Angels' Mike Trout doesn't mind distractions

Angels' Mike Trout doesn't mind distractions
Angels outfielder Mike Trout, left, speaks with designated hitter Raul Ibanez during a spring training practice session Feb. 26. Trout is doing his best to stay focused on the upcoming season. (Luis Sinco / Los Angeles Times)

TEMPE, Ariz. — There was a Nike photo shoot, the filming of a commercial for Major League Baseball, appearances on ESPN, MTV, Fox Sports 1 and Fox Sports West, and interviews with newspapers, websites and radio stations. Still to come is a Sports Illustrated cover photo shoot.

Mike Trout has been busy this spring, the demands of stardom pulling the Angels center fielder in many directions, and negotiations with the team for a possible nine-figure contract extension provide yet another potential distraction.

But Trout, with a nod to the team's media relations department, is handling the acclaim well. In three exhibition games, he's hitting .500 (four for eight) with a home run and five runs batted in.

"My main goal here is to get ready for the season," Trout, 22, said. "There are a lot of things you're involved with — interviews, commercials — but they're doing a good job of spreading it out so it's not all in one day or overwhelming."


Eric Kay, the team's communications manager, said he has asked Trout to fulfill multiple requests on only two days this spring. As busy as Trout is, he has found time for several rounds of golf.

"We want to get as much done here to lessen the burden during the season," Kay said. "Mike has always been accommodating.

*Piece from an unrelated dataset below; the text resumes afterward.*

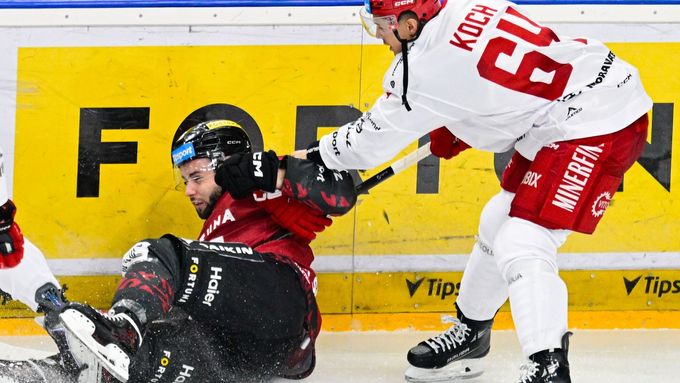 Zleva Mārtiņš Dzierkals ze Sparty a Patrik Koch z Třince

He understands he's carrying the Angels flag, and he has accepted that well."

Trout, the American League most-valuable-player runner-up in 2012 and 2013, doesn't consider his growing fame a burden.

"If people don't want to talk to you, you're not doing something right," Trout said. "People think the commercials are a lot of work, but if you try to have fun with them and try to trick your mind a little bit, they're OK."

Trout is taking a similar approach on the field, where he refuses to alter his aggressive style even though a spring-training injury could affect contract negotiations.

"Once I get on the field, I don't worry about pressure, what people are saying or thinking," Trout said. "I go out there and have fun and play my game."

Crowded pen

Manager Mike Scioscia said the Angels could open the season with eight relievers, an indication he is not expecting a young rotation to pitch deep into games.

Jered Weaver, who gave up one earned run and four hits in four innings of Wednesday's 3-2 Cactus League loss to San Francisco in Scottsdale, Ariz., is an established ace, and C.J. Wilson is a solid No. 2.

But none of the other three projected starters — Garrett Richards, 25, Hector Santiago, 26, and Tyler Skaggs, 22 — has thrown more than 158 innings in any of the last three seasons.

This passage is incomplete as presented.